The brains were removed from the corpses of mental health patients over 40 years until the 1980s. The collection is the life's work of Danish psychiatrist Erik Stromgren, who started collecting them in 1945 as a kind of experimental research.

Stromgren and his colleagues hoped to find out more about where mental illnesses were localized and if the answers to the illness could be found in the brains.

Jesper Vaczy Kragh, a history of psychiatry expert, explains that the brains were collected after autopsies had been conducted on the bodies of patients who were committed to psychiatric institutes across Denmark.

He reveals that these stated mental hospitals, and there were no people from outside who were asking questions about what went on in these state institutions.

Kragh adds that at the time, patient rights were not a primary concern, and society believed that they needed to be protected from these people. Denmark considered "mentally ill" people as a burden to society at the time.

How Mental Health Was Handled In the Past

In the past, the law required people committed to mental institutions to be sterilized between 1929 and 1967. Before 1989, they had to get a special exemption if they wanted to marry.

Every Dane who died was autopsied back then, said pathologist Martin Wirenfeldt Nielsen, the director of the collection.

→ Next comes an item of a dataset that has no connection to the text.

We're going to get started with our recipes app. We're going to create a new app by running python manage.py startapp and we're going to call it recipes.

However, the evolution of post-mortem procedures and growing awareness of patients' rights meant that new additions to the collection stopped in 1982. A long and heated debate then ensued on what to do with it.


The state ethics committee of Denmark decided that the collection should be maintained and used for scientific research after spending a considerable amount of time in Aarhus in western Denmark, the collection was relocated to Odense in 2018.

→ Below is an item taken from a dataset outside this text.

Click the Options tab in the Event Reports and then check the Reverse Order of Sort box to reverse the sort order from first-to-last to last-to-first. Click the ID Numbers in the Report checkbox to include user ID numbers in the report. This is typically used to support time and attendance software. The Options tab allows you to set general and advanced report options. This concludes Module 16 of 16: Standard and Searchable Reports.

The brains have been analyzed scientifically to learn more about a variety of conditions, such as dementia, schizophrenia, bipolar disorder, and depression. Four research projects are currently using the collection.

The collection is being used as part of a study by Parkinson's expert neurobiologist Susana Aznar, who works at a research hospital in Copenhagen.

Aznar stated that the brains were special because they let researchers observe the results of contemporary therapies.